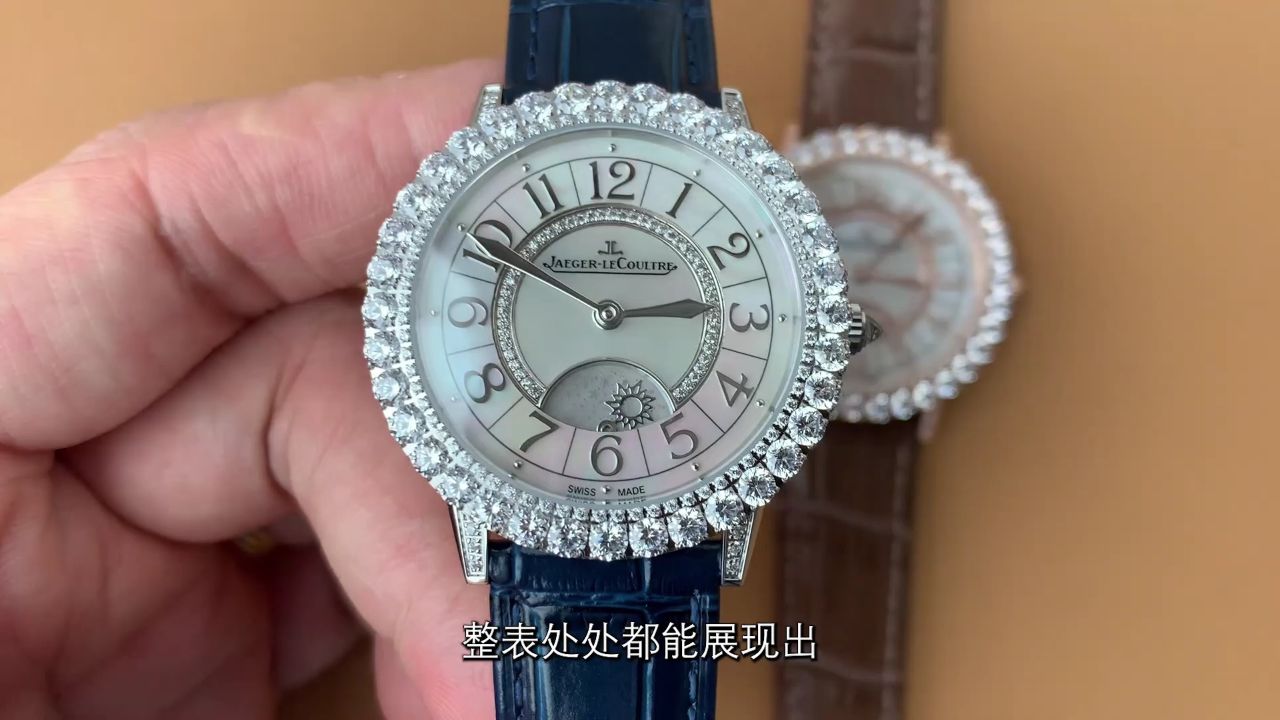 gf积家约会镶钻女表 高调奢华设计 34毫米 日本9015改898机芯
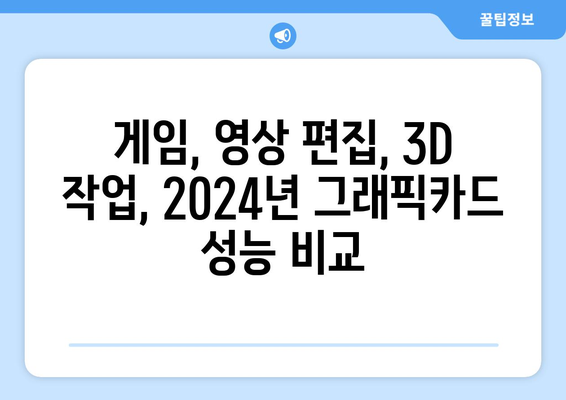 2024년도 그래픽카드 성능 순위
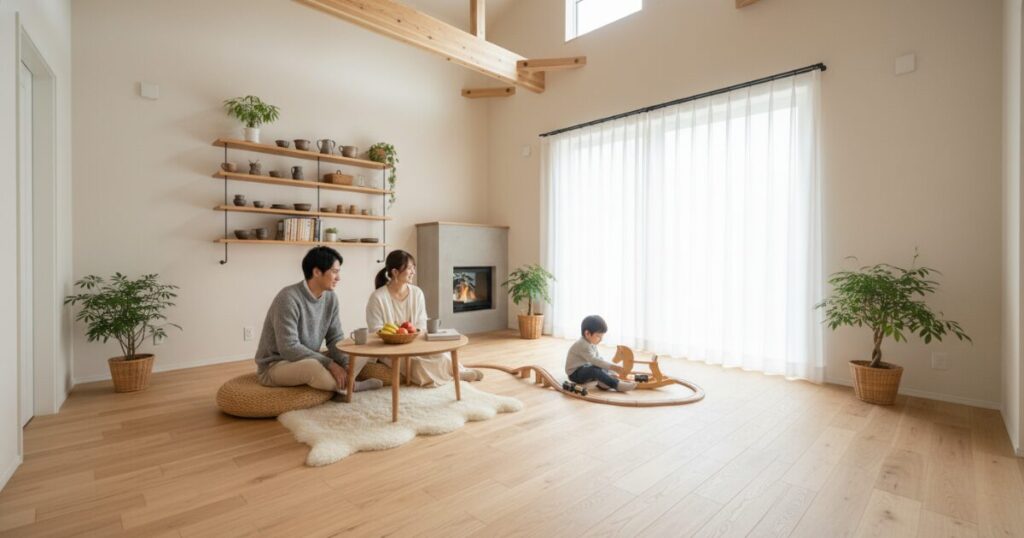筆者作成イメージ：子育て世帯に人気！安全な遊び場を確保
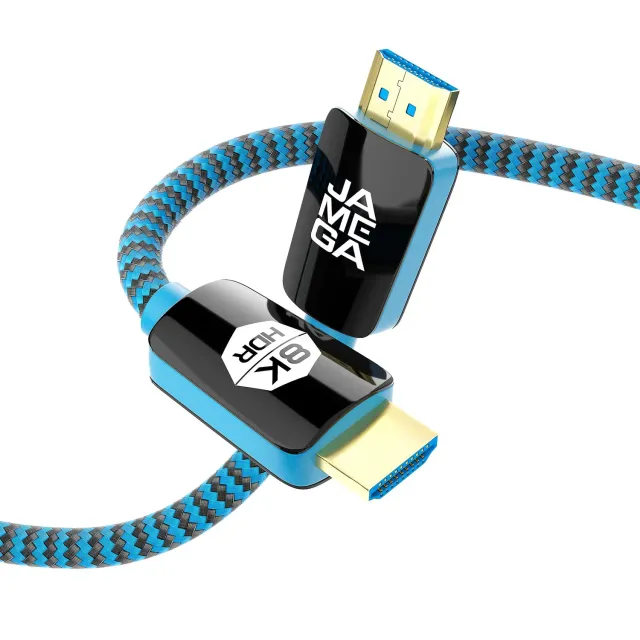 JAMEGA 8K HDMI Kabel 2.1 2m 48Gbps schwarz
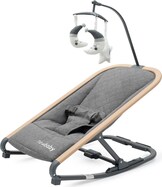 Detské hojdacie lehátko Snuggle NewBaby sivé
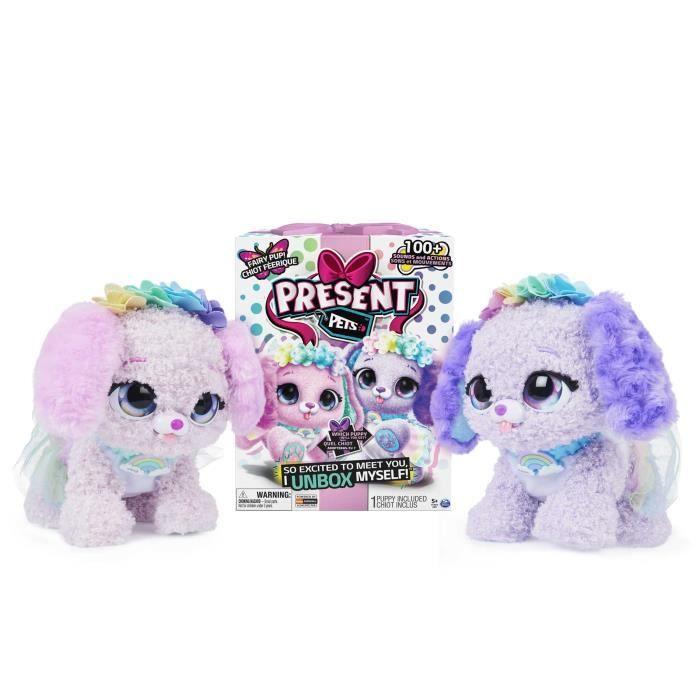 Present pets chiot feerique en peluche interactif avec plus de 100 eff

☆ ☆ ☆ ☆

*WHAT YOU HAVE TO DO*. Please print all the lines above exactly as given and leave out every picture.

*RESULT FOR THIS TASK*.
 gf积家约会镶钻女表 高调奢华设计 34毫米 日本9015改898机芯
 2024년도 그래픽카드 성능 순위
筆者作成イメージ：子育て世帯に人気！安全な遊び場を確保
 JAMEGA 8K HDMI Kabel 2.1 2m 48Gbps schwarz
 Detské hojdacie lehátko Snuggle NewBaby sivé
 Present pets chiot feerique en peluche interactif avec plus de 100 eff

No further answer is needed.